Christmas is a magical time when miracles are possible. Republicans and Democrats in Congress are going to need one if they want to pass an omnibus spending bill to keep the government solvent as well as a trillion-dollar pandemic relief bill, all before Christmas.
Indeed, the House is set to adjourn next week, and the government will start to run out of funds on December 11. So whatever they’re going to do, they better do it quickly.
Knowing that the clock is ticking, Senate Majority Leader Mitch McConnell and Speaker of the House Nancy Pelosi talked on the phone after four GOP senators, including Sen. Mitt Romney (R-Utah), gave McConnell an outline of what was in the bill.

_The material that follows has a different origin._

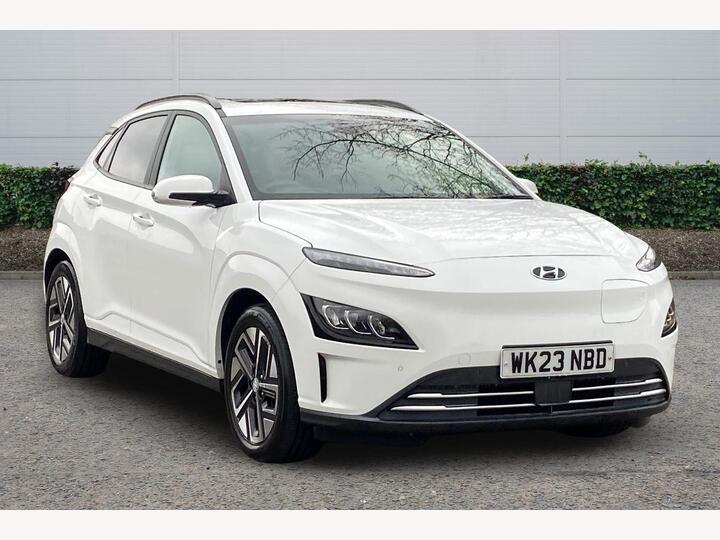 Hyundai Kona 64kWh Ultimate Auto 5dr (10.5kW Charger)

“We described the nature of our proposal and what he had seen before, of course, was a number for state and local of $160 billion. And, and we described how it would be allocated how it would be distributed, some portions based on population, some portion based on the revenue gap that might exist for a locality, and so forth,” Romney later told reporters, summarizing the meeting.
The bill would spend $160 billion on aid to state and local governments; $188 billion on extended unemployment; $288 billion for the small business Payroll Protection Program; and billions more for education, pandemic supplies, housing assistance, and vaccine distribution.
The sticking point will be any money going to states to make up budget shortfalls. Some Republicans will absolutely see that as a deal killer. Some others may demand safeguards to keep Democratic governors who have mismanaged their budgets and pension funds from raiding the pandemic relief payments.
Some Democrats will balk at the lack of an individual IRS payment or the extension of unemployment benefits for only three weeks. Suffice it to say there will be opposition from both sides that will threaten to scuttle any “bipartisan” agreement.
McConnell told reporters Tuesday that additional COVID-19 relief funding would likely be added to the expected $1.4 trillion omnibus spending package that would fund the federal government beyond Dec. 11 through fiscal 2021, which ends on Sept. 30.
That’s actually a good strategy. Attaching the pandemic spending bill to the omnibus spending package will make the medicine go down a lot easier for both sides.
Of course, none of this means anything without the support of Donald Trump. And the president has expressed his willingness to sign a pandemic relief bill if it arrives on his desk.
“I want it to happen, and I believe they’re getting very close to a deal,” Trump said in the Oval Office after awarding the Presidential Medal of Freedom to former football coach Lou Holtz.
Asked if he will support a deal, Trump replied, “I will.”
The stars are aligning for Congress to pass pandemic relief before Christmas. But this is where the bottom usually falls out. And Democrats appear far more likely to scuttle the deal than Republicans.